And our belief in our nation as a special place, one with all the right values, where people take care of each other and look out for the rest of the world.

But as bad as this year has been, we’ve seen Westport at its best. Nearly every day, “06880” has included a story about individuals of all ages rising to meet difficult challenges, neighbors helping neighbors (and strangers), institutions pivoting to new ways to serve residents. Remarkable things happened — and I’m not just talking about a (very remarkable) drive-in theater.

The Remarkable Theater was also the scene of great concerts, produced by the Westport Weston Chamber of Commerce. (Drone photo/John Videler for Videler Photography)

We lost proms and Homecomings, Memorial Day and the 4th of July, the Levitt and too many restaurants. We lost 9 months (and counting) of our lives, and we’ll never get those back.

But we gained some things too. We gained insights into ourselves. We gained a sense of community. We even gained a few restaurants. If that does not provide hope for the future, nothing will.

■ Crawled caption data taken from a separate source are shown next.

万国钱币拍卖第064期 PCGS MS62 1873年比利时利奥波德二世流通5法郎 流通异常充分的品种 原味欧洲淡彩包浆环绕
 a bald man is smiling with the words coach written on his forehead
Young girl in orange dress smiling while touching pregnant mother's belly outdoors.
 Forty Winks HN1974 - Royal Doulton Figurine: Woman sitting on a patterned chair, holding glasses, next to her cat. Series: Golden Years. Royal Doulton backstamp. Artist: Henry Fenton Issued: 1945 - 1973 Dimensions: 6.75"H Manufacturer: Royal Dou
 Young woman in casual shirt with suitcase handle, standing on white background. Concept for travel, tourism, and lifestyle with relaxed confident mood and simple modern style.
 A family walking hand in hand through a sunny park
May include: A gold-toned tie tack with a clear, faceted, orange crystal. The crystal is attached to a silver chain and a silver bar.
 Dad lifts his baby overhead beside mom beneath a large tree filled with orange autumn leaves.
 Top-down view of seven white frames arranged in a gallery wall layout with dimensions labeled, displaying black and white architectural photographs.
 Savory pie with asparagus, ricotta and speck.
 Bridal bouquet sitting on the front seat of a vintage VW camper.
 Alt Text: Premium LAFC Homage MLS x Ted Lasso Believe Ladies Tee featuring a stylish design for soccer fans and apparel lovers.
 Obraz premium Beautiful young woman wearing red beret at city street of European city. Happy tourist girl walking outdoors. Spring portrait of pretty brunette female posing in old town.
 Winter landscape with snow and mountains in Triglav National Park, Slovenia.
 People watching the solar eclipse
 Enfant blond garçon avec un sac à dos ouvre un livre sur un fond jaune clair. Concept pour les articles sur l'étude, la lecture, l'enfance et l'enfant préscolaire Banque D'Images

None of us would wish this past year on anyone. All of us look forward to 2021. Tomorrow, hindsight truly will be 2020.

When we gather a year from now, in this virtual space — looking forward to 2022 — let’s make sure we have learned the lessons of 2020.

They’re not all clear yet. Still, if we’ve learned nothing else from this past year, it’s this: The future is unknown. We may face challenges unlike anything we’ve ever seen.

Yet together — as a community — we can overcome them. In the end, each of us is all we’ve got.